Olha-se para a capa com um
arrepio. Os tons negros do fundo e a expressão pesarosa do biografado sugerem
uma homenagem póstuma, daquelas de que somos pródigos. Credo!
Hesita-se um segundo.
Folheia-se.
Causam estranheza os dois
prefácios — um do general Eanes e outro de Fernando Dacosta. (Vem à memória a
tara de T.S. Elliot com os prefácios). Eanes escreve com uma dívida de gratidão
a Letria em sete páginas bonitas, mas de execução militar – de tema em tema, como uma barragem de artilharia. Dacosta é igual a si próprio: seria
criativo mesmo se só tivesse um post-it.
Até a introdução da autora
produz uma sensação invulgar. Dá ideia de que as memórias de Joaquim Letria, em
formato de entrevista, são publicadas... apesar de Letria. Que o jornalista
acedeu a contragosto. E, no entanto, aqueles, como eu, que decidem comprar Joaquim
Letria, Sem Papas na Língua (Dora Santos Rosa, Âncora, 2014) têm pela frente uma
das melhores reflexões sobre o jornalismo das décadas de 1960 a 1980 que tive o
prazer de ler.
Com frequência, senti que o
livro-entrevista continua, com notável coesão, o trilho aberto por essa obra
extraordinária que é Jornalismo: do Ofício à Profissão (Fernando Correia e Carla
Baptista, Caminho, 2007), investigação sobre a ruptura profunda produzida nas
redacções do final da década de 1950 com a admissão de jornalistas com background
universitário
e formação política.
Letria parece ganhar alento depois das primeiras perguntas. Percebe que Dora Santos Rosa estudou a sua
carreira, sabe do que fala. Com algumas provocações, torna-se bonacheirão e
partilha sem reservas. Nalguns casos, como no relato sobre Moisés Tshombé, vai
obrigar-me a reescrever, mesmo que ao de leve, um episódio que aqui deixei há
alguns meses (aqui). Noutros, notoriamente exagera (posso desmentir, por conhecimento directo, a alegação de que os livros, no Estado Novo, não eram revistos pela Censura; ou que Jorge de Brito tenha sido detido em 1975 sem «ser acusado de coisa nenhuma»). E é altamente controversa a sugestão de que osjornalistas detidos pela PIDE foram-no sempre por actividade política clandestina e não por actividades jornalísticas.

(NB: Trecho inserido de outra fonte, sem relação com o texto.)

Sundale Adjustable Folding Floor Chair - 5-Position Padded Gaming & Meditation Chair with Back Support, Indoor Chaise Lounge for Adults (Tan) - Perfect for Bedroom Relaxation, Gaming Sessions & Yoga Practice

Como Letria muito bem diz, percebeu que estava na fase de fazer e
dizer o que lhe viesse ao goto, como os malucos. O resultado é uma leitura que
flui sem buracos na estrada, como uma única grande conversa.
O jornalista partilha notas
preciosas sobre o ambiente do Diário de Lisboa, com destaque para Mário
Neves (curiosamente, quase não refere Norberto Lopes). Recupera uma dimensão
esquecida de Vítor Direito (pelo menos, para mim, que cresci numa casa onde o seu «De Vez em Quando» no Diário de Lisboa e a
sua «Visão Direita» no República eram a primeira rubrica lida todos os dias e onde a sua
transformação, ou monstrificação, no «Direito do Correio da Manhã» foi sentida como uma
traição). Aborda, sem rancores, a saga da RTP. A fundação de O Jornal, com uma traição à mistura. O
Tal & Qual,
de boa ou má memória, consoante as semanas (nunca esqueço que o mesmo semanário que revelou a Dona Branca ajustou contas com a direcção de programas da RTP,
lançando indecentemente Maria Elisa para a fogueira... Ou para a praia. Enfim,
quem se lembra dessa primeira página de 1983 sabe do que falo).
Letria foi Letria:
recordou sem papas na língua, contou histórias sem a tradicional discrição
portuguesa (com uma excepção, pois não nomeia directamente o judas que motivou
a sua saída de O Jornal). Apontou o dedo à instrumentalização política da RTP. Explicou o sucesso original de Tal & Qual com uma fórmula diabolicamente simples: num universo de imprensa estatizada, o jornal comprava histórias a repórteres que não as podiam publicar nos seus órgãos de comunicação. Divertiu-me. No
seu relato minucioso, há agora pistas para perceber melhor a evolução do
jornalismo português.
Faço votos para
que Baptista-Bastos, Fernando Dacosta, Joaquim Furtado, Mário Zambujal e
Adelino Gomes vão preparando as suas notas. Meus senhores, chegou a vossa vez!